I was wondering what people thought about the prospects for this go-
round at a flying car. All previous attempts (starting from the
earliest aviation pioneers) have been commercial (and usually
practical) failures.

To my mind, putting togeher two items that don't really fit usually
leads to a mediocre version of both. People said the same thing
about combining cell phones and cameras, but now the camera is
pretty good and the convenience of carrying just one item outweighs
the fact that the camera is not quite as good as a standalone model.

Do you think the Transition will be successful? The development team
is from MIT and I thought Phil might know the people involved. Has
anybody seen the demo unit?

Todd

-- Todd Ramming, November 29, 2010

Answers

I've followed the company since its inception and given the founders some advice (which they ignored!). Keep in mind that "success" in light sport aviation would be selling 50 to 100 airplanes per year. In other words, Terrafugia does not need to build a more practical transportation solution than a Hyundai Sonata; they simply need to build a fun toy for a few hundred quasi-rich folks.

I believe that Terrafugia has successfully romanced the government bureaucracies that traditionally try to protect American consumers from innovation and have mostly escaped from regulations governing automobiles. The main engineering challenge will be payload. When a part of the design doesn't perfect as planned, the typical result is an increase in weight. As the light sport rules impose a hard weight limit at the top, the result may be a flying car that works very well.... for one light person and a half tank of fuel.

-- Philip Greenspun, November 29, 2010


I don't believe the technology issues will be the biggest problem with the Terrafugia. Rather the laws governing both aircraft and automobiles will be a larger problem.

Do you get it inspected as a car and pass emissions etc? Does an aircraft mechanic or car mechanic fix it? Using what parts (approved for aircraft or Autozone?)? What happens if you get in a fender bender? What about insurance?

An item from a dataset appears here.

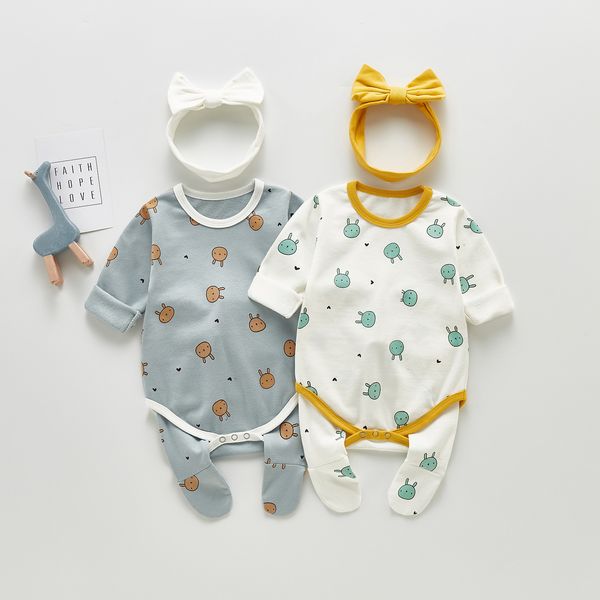 spring and autumn new baby boys and girls romper suit cartoon print triangle romper tights turban cotton three-piece suitq1221, White
spring and autumn new baby boys and girls romper suit cartoon print triangle romper tights turban cotton three-piece suitq1221, White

None of that would bother me as much as the way we would want to use the Terrafugia:

While driving to dinner on the freeway you see a bad traffic jam ahead. Unconcerned you simply unfold your wings and fly over the top of all those poor souls arriving at dinner with time to spare.

Or you're driving down the freeway when you pass a cop going 20 over and before he can pull you over, you simply unfold your wings and lift off. Laughing all the way up to 3,500MSL.

Of course you can't do that so your stuck using airports the same as the rest of us and that defeats the purpose and the potential fun.

Lastly, they don't get any points for appearance. This is coming from someone that likes Cessnas:)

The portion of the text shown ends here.